Originally Posted by .Memo View Post
Quiz set by my college.
I named some variable but still couldn't get the answer.
I am thinking using Pythagoras theorem as well as sin rule.
But everything is too messy. :/

Answer is 8.

The whole area is fixed at 20. However, the base and the height of the triangles are not fixed.

So one of the possible dimension is that if the rectangle has length = 5 and breadth = 4, you will realise that the bottom length BE: EC ratio is 2:3 which is not like what is drawn in the question, yet it can fulfill all the given condition.

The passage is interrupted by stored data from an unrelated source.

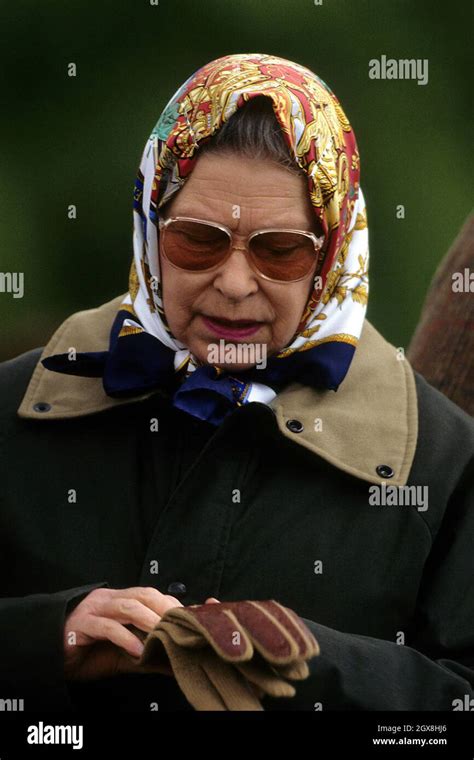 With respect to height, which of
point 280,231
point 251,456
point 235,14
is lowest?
point 251,456

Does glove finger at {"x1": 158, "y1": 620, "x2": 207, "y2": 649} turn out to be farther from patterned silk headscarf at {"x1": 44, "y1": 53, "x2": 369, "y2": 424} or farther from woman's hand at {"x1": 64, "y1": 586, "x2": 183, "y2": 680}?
patterned silk headscarf at {"x1": 44, "y1": 53, "x2": 369, "y2": 424}

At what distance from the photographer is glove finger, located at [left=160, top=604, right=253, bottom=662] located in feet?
6.95

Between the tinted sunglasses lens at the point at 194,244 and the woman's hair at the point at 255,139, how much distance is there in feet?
0.51

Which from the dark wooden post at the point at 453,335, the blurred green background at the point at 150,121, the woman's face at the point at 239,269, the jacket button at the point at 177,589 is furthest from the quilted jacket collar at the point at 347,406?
the blurred green background at the point at 150,121

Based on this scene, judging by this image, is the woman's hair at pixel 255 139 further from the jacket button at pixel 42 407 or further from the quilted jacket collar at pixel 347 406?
the jacket button at pixel 42 407

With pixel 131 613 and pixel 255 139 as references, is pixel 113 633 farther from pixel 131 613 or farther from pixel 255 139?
pixel 255 139

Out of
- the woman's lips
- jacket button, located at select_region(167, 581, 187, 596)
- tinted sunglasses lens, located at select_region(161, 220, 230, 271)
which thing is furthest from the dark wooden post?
jacket button, located at select_region(167, 581, 187, 596)

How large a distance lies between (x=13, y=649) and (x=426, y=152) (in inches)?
133

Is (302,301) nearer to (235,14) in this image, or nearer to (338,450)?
(338,450)

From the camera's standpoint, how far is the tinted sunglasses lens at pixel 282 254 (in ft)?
8.42

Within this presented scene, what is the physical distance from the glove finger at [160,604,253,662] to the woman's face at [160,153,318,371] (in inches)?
23.5

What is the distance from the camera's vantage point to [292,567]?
2.57m

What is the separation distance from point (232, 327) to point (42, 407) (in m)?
0.42

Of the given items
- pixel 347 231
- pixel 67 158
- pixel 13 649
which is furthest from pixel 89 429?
pixel 67 158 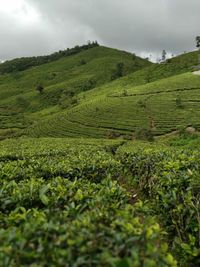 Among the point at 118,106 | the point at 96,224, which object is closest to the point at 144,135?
the point at 118,106

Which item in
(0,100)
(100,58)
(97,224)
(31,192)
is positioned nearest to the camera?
(97,224)

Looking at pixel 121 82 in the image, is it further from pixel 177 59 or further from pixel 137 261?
pixel 137 261

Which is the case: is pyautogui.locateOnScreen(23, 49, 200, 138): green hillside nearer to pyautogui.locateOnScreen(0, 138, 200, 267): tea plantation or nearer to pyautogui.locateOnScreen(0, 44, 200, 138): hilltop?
pyautogui.locateOnScreen(0, 44, 200, 138): hilltop

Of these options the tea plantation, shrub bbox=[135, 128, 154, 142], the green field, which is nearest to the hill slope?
shrub bbox=[135, 128, 154, 142]

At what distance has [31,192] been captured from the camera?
8156 millimetres

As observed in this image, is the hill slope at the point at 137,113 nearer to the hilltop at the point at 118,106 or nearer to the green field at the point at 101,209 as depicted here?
the hilltop at the point at 118,106

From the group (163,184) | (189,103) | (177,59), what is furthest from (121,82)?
(163,184)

I may not have the best solution but here is how i calculate the total area is 20.
Let the length to be l, height to be h, DF to be a and BE to be b.
Hence we have,
al = 10 --------(1)
hb = 8 --------(2)
(h-a)(l-b) = 6 --------(3)
Expand (3),
hl - al - hb + ab = 6
hl - 10 - 8 + ab = 6 (Sub (2) and (3))
hl + ab = 24
Consider (1) x (2), we have
hl x ab = 80
ab = 80 / hl --------(4)
Sub (4) into hl + ab = 24,
hl + 80 / hl = 24
hl^2 - 24hl + 80 = 0
(hl -4)(hl-20) = 0
hl = 20 (reject hl = 4)
Since hl is the area of the rectangle, area of rectangle = 20.

Btw it is a nice question.


Last edited by namelessname; 17th May 2012 at 06:19 PM.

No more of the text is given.